Es gibt in der Betriebswirtschaft eine relativ einfache Möglichkeit abzuschätzen, ob ein Risiko vertretbar ist oder nicht. Die Risikomatrix findet beispielsweise Anwendung im Projektmanagement, aber auch sonst an verschiedenen Orten und sie hilft, Risiken und deren Massnahmen zu tracken.
Ich möchte an dieser Stelle darauf hinweisen, dass in diesem Fall auf jeden Fall eine demokratische Debatte geführt werden muss, denn es gibt ja gute Gründe für die Kernenergie. Leider ist es aber so, dass der Preis für einen Unfall ein sehr endgültiger Preis ist - und dabei nicht nur für uns, sondern im Zweifel auch ganz Europa.
Letztlich ist es egal, ob das Flugzeug sicher ist oder nicht, wenn ich drin sitze, wenn es abstürzt, bringt mir die Statistik eben auch nichts. Und für entsprechend zu hoch halte ich die Auswirkungen eines GAU, selbst bei geringer Wahrscheinlichkeit.
Ich persönlich halte einen Ausbau der Erneuerbaren (bspw. Solarpflicht und „Haushalts-Akkus“ wie die Testla-Powerwall) für mittlerweile ausreichend ausgereift, um mit der Energiewende jetzt richtig loszulegen. Persönlich bin ich ausserdem der Meinung, dass eine Dezentrale Stromerzeugung zudem der Bevölkerung massiv nützt (weniger Stromleitungen, Autarkie und im Zweifel durch Eigenverbrauch günstigere Energiekosten oder gar geringe Nebeneinkünfte aus Stromverkauf). Ich halte das für die deutlich attraktivere Variante, als jetzt wieder zurück zur Kernkraft zu gehen.
Wichtig ist in diesem Zusammenhang die Schadensfolgen in Relation zur produzierten Energiemenge zu setzen. Selbst wenn wir die schlimmsten Unfälle in der Geschichte der Kernenergie betrachten (Tschernobyl & Fukushima), sind die kumulativen Gesundheitsschäden in Relation zur produzierten Energiemenge äußerst niedrig:
Es ist für mich eine ähnliche Argumentation wie die Sicherheit von Flugreisen und Autofahren. Gefühlt ist Fliegen eben viel unsicherer und jeder Absturz ein riesiges Medienspektakel. Es geht in dem konkreten Beispiel aber auch um Kontrollverlust und die Komplexität dieser Maschine, die vielen Menschen Suspekt ist.
Für die Personen, die diese Technologie regulieren sollen, hilft dann die Statistik zwischen dem gefühlten und realen Risiko zu unterscheiden.
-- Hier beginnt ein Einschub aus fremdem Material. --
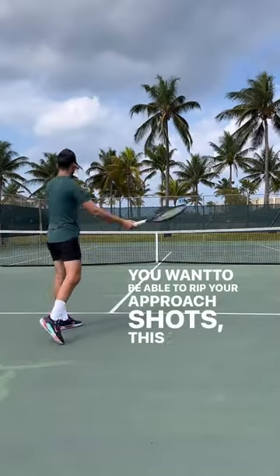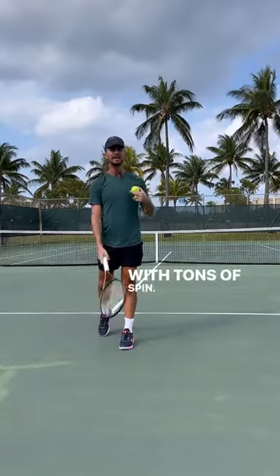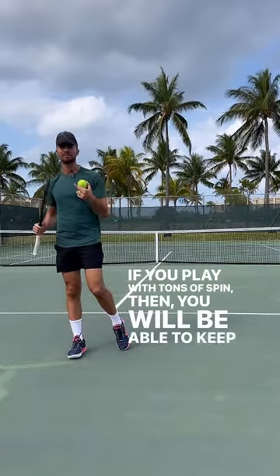You want to be able to rip your approach shots? This video is for you. All you have to do is make sure that you play with tons of spin. If you play with tons of spin, then you will be able to keep the ball in.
Man kann sich danach immer noch dafür entscheiden nicht zu fliegen, wir können die Technologie dazu sogar in Deutschland vollständig verbieten, aber es wäre schön dann wenigstens zuzugeben, dass es rational keinen Sinn macht.
Denn wenn man alle Unfälle der Atomenergie einpreist, ist sie trotzdem eine der sichersten und umweltschonensten Technologien. Ich weiß, das macht intuitiv überhaupt keinen Sinn, der Grund ist ganz simpel die unfassbare Energiedichte von spaltbarem Material und dass andere Technologien eben auch nicht dolle sind.
Mal zum Vergleich: 40000 Menschen wurden im Rheinland für die Braunkohle umgesiedelt und die Sterbezahlen für die Luftverschmutzung liegen bei ca. 154/100000 in Deutschland (Schmutzige Luft fordert mehr Todesopfer als Rauchen | MDR.DE). Das sind höhere jährliche Zahlen als Menschen bei der Katastrophe in Fukushima starben. Es sind bei anderen Energieformen nur keine Events bei denen es knallt und plötzlich ist da ein großer tagebauförmiger Krater. Es ist eher eine schleichende Katastrophe. Und eine langsame sich anbahnende Katastrophe ist den Menschen immer lieber als die Gefahr einer konkreten.
Und da uns genau das gerade mächtig auf die Füße fällt finde ich sollten wir diese Einschätzung überdenken. Wenn selbst die Grünen keinen Plan haben wie wir unsere Klimaziele erreichen können, sollten wir auch etwas unpopuläre Methoden zumindest fair diskutieren.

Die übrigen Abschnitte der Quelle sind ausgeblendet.